Republic vs Herbieto G.R. No. 156117, May 26, 2005 Chico-Nazario, J.: Facts: Respondents in the present Petition are the Herbieto brothers, Jeremias and David, who filed with the MTC, on 23 September 1998, a single application for registration of two parcels of land, Lots No. 8422 and 8423 (Subject Lots), owned separately by them. They claimed to be owners in fee simple of the Subject Lots, which they purchased from their parents, spouses Gregorio Herbieto and Isabel Owatan, on 25 June 1976. On 11 December 1998, the petitioner Republic of the Philippines (Republic) filed an Opposition to the respondents’ application for registration of the Subject Lots. The MTC set the initial hearing. All owners of the land adjoining the Subject Lots were sent copies of the Notice of Initial Hearing. During the initial hearing on 03 September 1999, the MTC issued an Order of Special Default, with only petitioner Republic opposing the application for registration of the Subject Lots. On 21 December 1999, the MTC promulgated its Judgment ordering the registration and confirmation of the title of respondent Jeremias over Lot No. 8422 and of respondent David over Lot No. 8423. It subsequently issued an Order on 02 February 2000 declaring its Judgment, dated 21 December 1999, final and executory, and directing the Administrator of the Land Registration Authority (LRA) to issue a decree of registration for the Subject Lots. The Court of Appeals, in its Decision, dated 22 November 2002, affirmed the appealed MTC Judgment. The Republic filed the present Petition for the review and reversal of the Decision of the Court of Appeals, dated 22 November 2002, believing that there was irregularity committed by the respondents and was fatal to their case, depriving the MTC of jurisdiction to proceed with and hear their application for registration of the Subject Lots.

Issue: WON the misjoinder of causes of action and parties affect the jurisdiction of the MTC to hear and proceed with respondents’ application for registration.

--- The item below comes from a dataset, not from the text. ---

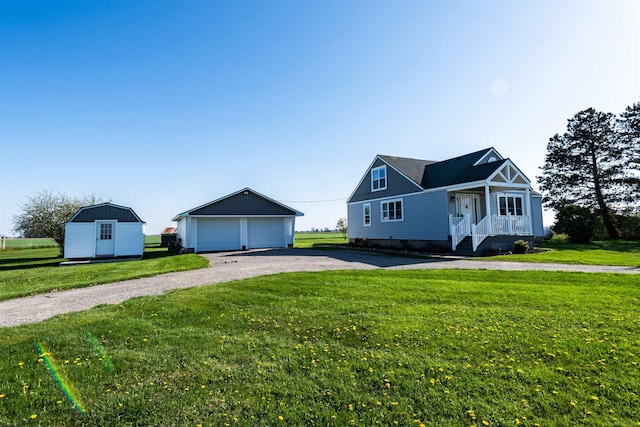 410 E Nicol Rd, Sandusky, MI 48471 - view of front of house featuring an outdoor structure, a detached garage, a front lawn, and a storage unit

Held: No. Considering every application for land registration filed in strict accordance with the Property Registration Decree as a single cause of action, then the defect in the joint application for registration filed by the respondents with the MTC constitutes a misjoinder of causes of action and parties. Instead of a single or joint application for registration, respondents Jeremias and David, more appropriately, should have filed separate applications for registration of Lots No. 8422 and 8423, respectively. Misjoinder of causes of action and parties do not involve a question of jurisdiction of the court to hear and proceed with the case. They are not even accepted grounds for dismissal thereof. Instead, under the Rules of Court, the misjoinder of causes of action and parties involve an implied admission of the court’s jurisdiction. It acknowledges the power of the court, acting upon the motion of a party to the case or on its own initiative, to order the severance of the misjoined cause of action, to be proceeded with separately (in case of misjoinder of causes of action); and/or the dropping of a party and the severance of any claim against said misjoined party, also to be proceeded with separately (in case of misjoinder of parties). The misjoinder of causes of action and parties in the present Petition may have been corrected by the MTC motu propio or on motion of the petitioner Republic. It is regrettable, however, that the MTC failed to detect the misjoinder when the application for registration was still pending before it; and more regrettable that the petitioner Republic did not call the attention of the MTC to the fact by filing a motion for severance of the causes of action and parties, raising the issue of misjoinder only before this Court. Although the misjoinder of causes of action and parties in the present Petition did not affect the jurisdiction of the MTC over the land registration proceeding, this Court, nonetheless, has discovered a defect in the publication of the Notice of Initial Hearing, which bars the MTC from assuming jurisdiction to hear and proceed with respondents’ application for registration.